In November, every KIPP Chicago staff member received My Grandmother’s Hands: Racialized Trauma and the Pathway to Mending our Hearts and Bodies, a story of the journey through the labyrinths of trauma and its effects on modern life, especially for African Americans. Resmaa’s insight into trauma is profoundly impactful, but even more powerful and useful are his strategies for addressing it.

As the KIPP Chicago senior team reads the book together, Jennifer Hodges, Director of the Whole Child Fund, cites chapter 20, Cultural Healing for African Americans, as especially pivotal.

This chapter resonated with me because it underscores the importance of acknowledging African American contributions to global society. Telling a complete story of African American history is critical to psychological strength and self-confidence. Our history did not begin with slavery. I believe teaching from slavery diminishes African American students’ confidence and promotes subordinate self-worth and diminished self-efficacy. I desire to identify or design a curriculum that intersects African history with African American history and present-day experience. Through the Inclusive and Challenging Curriculum priority of Whole Child, my goal is to create an accurate African American curriculum that will nurture confident, proud, and empowered children leaders.

Because of this, it is important that we practice and model self-care, giving ourselves permission to pause and check-in and hold space for our students to do the same. The book says, “Learning to settle your body and practicing wise and compassionate self-care is not about reducing stress; they’re about increasing your body’s ability to manage stress, as well as about creating more room for your nervous system to find coherence and flow.” We look forward to the impact it will have on our entire region, our students, and our families as we read it together. Our entire region will have read the book and gone through three subsequent learning sessions by fall of 2021!
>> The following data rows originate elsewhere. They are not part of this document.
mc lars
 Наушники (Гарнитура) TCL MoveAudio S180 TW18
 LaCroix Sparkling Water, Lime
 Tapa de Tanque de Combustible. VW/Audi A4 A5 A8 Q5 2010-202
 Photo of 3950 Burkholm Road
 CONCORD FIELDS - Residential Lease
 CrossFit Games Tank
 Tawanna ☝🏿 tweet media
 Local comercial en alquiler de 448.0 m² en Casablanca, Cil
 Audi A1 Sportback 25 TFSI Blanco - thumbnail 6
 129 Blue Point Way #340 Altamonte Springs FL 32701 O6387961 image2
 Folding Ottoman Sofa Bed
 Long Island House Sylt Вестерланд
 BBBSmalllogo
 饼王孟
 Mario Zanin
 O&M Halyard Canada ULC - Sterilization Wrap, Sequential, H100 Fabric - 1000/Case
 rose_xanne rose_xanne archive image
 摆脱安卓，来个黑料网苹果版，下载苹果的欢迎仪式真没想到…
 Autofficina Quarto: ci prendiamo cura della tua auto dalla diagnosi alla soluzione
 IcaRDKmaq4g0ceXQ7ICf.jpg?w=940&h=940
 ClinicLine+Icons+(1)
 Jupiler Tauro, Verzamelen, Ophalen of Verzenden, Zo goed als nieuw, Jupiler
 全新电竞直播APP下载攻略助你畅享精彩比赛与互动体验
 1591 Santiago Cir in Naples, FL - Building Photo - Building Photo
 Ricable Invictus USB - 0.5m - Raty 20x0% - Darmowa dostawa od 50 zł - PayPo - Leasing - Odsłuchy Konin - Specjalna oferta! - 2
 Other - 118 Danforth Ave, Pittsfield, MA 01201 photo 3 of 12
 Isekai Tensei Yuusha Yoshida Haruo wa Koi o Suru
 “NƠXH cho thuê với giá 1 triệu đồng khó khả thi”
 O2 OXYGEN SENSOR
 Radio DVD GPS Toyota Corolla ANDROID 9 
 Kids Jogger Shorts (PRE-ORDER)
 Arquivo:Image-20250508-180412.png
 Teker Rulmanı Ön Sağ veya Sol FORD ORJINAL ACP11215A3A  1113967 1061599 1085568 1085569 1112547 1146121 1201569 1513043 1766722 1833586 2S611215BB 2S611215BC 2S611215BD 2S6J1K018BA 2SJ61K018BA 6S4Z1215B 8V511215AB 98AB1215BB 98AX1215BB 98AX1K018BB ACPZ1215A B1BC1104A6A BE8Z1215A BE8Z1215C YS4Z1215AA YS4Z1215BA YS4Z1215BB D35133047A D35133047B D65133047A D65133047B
Though it looks different for everyone, we can actively model self-care for students in whatever way feels authentic. Here are some ways you can model self-care:

  • Tell students you are going to take a minute to take some deep breaths and have some hot tea
  • Provide several moments of pause or quiet
  • Ask students to share their coping strategies and model some of your own
  • Give students options for how they engage in class that day, ie, submitting journal reflection vs. actively participating in the discussion
  • Provide time for creative visual representations of their thoughts
  • Demonstrate emotional and mental release through physical activity like stretching, jumping jacks, etc.